If signs of venous thrombosis of the lower extremities appear (pain in the legs or their swelling), thromboembolism of the branches of the pulmonary artery (shortness of breath), the drug should be discontinued.
In patients with hyperlipidemia, during treatment, it is necessary to control the concentration of cholesterol and TG in the blood serum. During the period of treatment, care must be taken when driving vehicles and engaging in other potentially hazardous activities that require increased concentration of attention and speed of psychomotor reactions.
Interaction with other medicinal products
With the simultaneous use of tamoxifen and cytostatics, the risk of thrombus formation increases. There are reports of an increase in tamoxifen of the anticoagulant effect of indirect anticoagulants - coumarin derivatives (for example, warfarin ). Drugs that reduce calcium excretion (eg, thiazide diuretics) may increase the risk of hypercalcemia. The combined use of tamoxifen and tegafur can contribute to the development of active chronic hepatitis and liver cirrhosis. The simultaneous use of tamoxifen with other hormonal drugs (especially, estrogen-containing contraceptives) leads to a weakening of the specific effect of both drugs. With the simultaneous use of tamoxifen and bromocriptine, an increase in the concentration of tamoxifen and N- desmethyltamoxifen in blood plasma is observed. Tamoxifen should not be used concomitantly with aromatase inhibitors ( anastrozole, letrozole ).
Special instructions
Carefully. Diseases of the eyes ( including cataract), severe thrombophlebitis, thromboembolic disease ( including history), hyperlipidemia, leukopenia, thrombocytopenia, hypercalcemia, liver disease; hereditary lactose intolerance, lactase deficiency or impaired absorption of glucose and galactose (the drug contains lactose). Application during pregnancy and during breastfeeding: It is a contraindication for the use of the drug. Women receiving tamoxifen should have regular gynecological examinations (once every 3 months). If you experience bleeding from the vagina or vaginal bleeding, the drug should be discontinued. Tamoxifen can cause ovulation, which increases the risk of pregnancy, and therefore women of reproductive age need to use reliable methods of contraception (non-hormonal) during treatment and for 3 months after the end of treatment. In patients with bone metastases, the concentration of calcium in the blood serum should be determined periodically during the initial period of treatment. In case of severe disorders ( hypercalcemia ), tamoxifen should be temporarily discontinued. If signs of venous thrombosis of the lower extremities appear (pain in the legs or their swelling), pulmonary embolism (shortness of breath), the drug should be discontinued. During the period of therapy, it is necessary to periodically monitor the blood coagulation indicators, the calcium content in the blood, the blood picture (leukocytes, platelets), liver function indicators, blood pressure, and an ophthalmologist's examination every 3 months. In patients with hyperlipidemia, during treatment, it is necessary to control the concentration of cholesterol and triglycerides in the blood serum. During the treatment period, care must be taken when driving vehicles and engaging in potentially hazardous activities that require increased concentration of attention and speed of psychomotor reactions.
Pregnancy and elbowing
This drug should not be used during pregnancy and lactation.

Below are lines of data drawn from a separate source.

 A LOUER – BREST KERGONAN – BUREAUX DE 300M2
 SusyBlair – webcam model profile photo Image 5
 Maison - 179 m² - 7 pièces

In accordance with the adverse reactions that may occur in infants, it is necessary to decide whether to stop breastfeeding or stop taking the drug.

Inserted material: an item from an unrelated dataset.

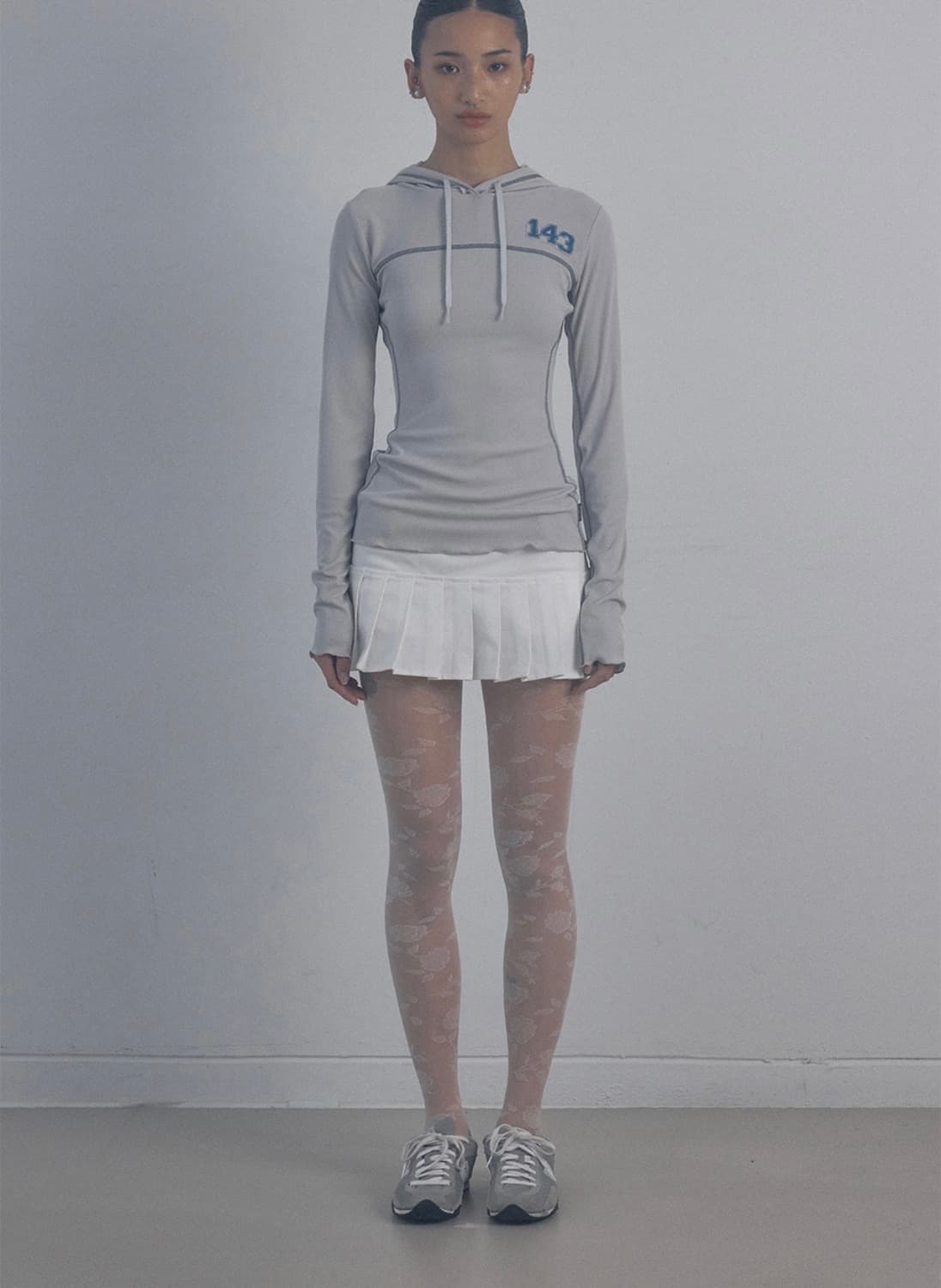 스컬프터 넘버링 후드티 상품이미지1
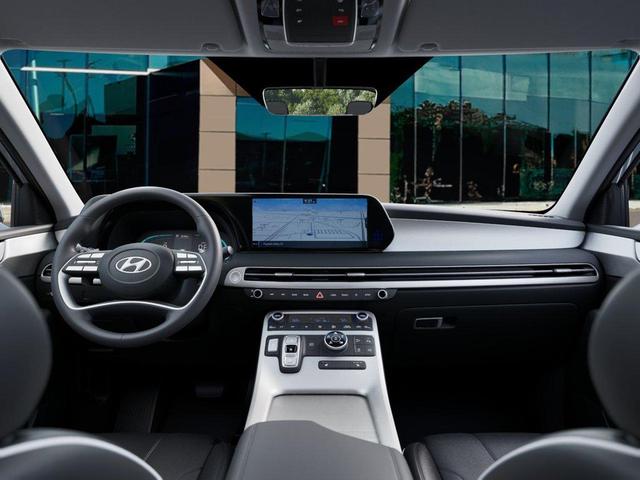 Photo of 2025 Hyper White Hyundai PALISADE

Influence on the ability to drive vehicles and work with mechanisms
Does not affect
Storage conditions
Store in a dry, dark place at a temperature not exceeding 25 ° C, out of the reach of children.
Shelf life
3 years. Do not use after the expiration date printed on the package.
Vacation conditions
On prescription.
Packaging
Tamoxifen Сitrate 10 mg Tablets. There are 25 tablets in a blister. 4 blisters are packed in a cardboard box together with an enclosed leaflet.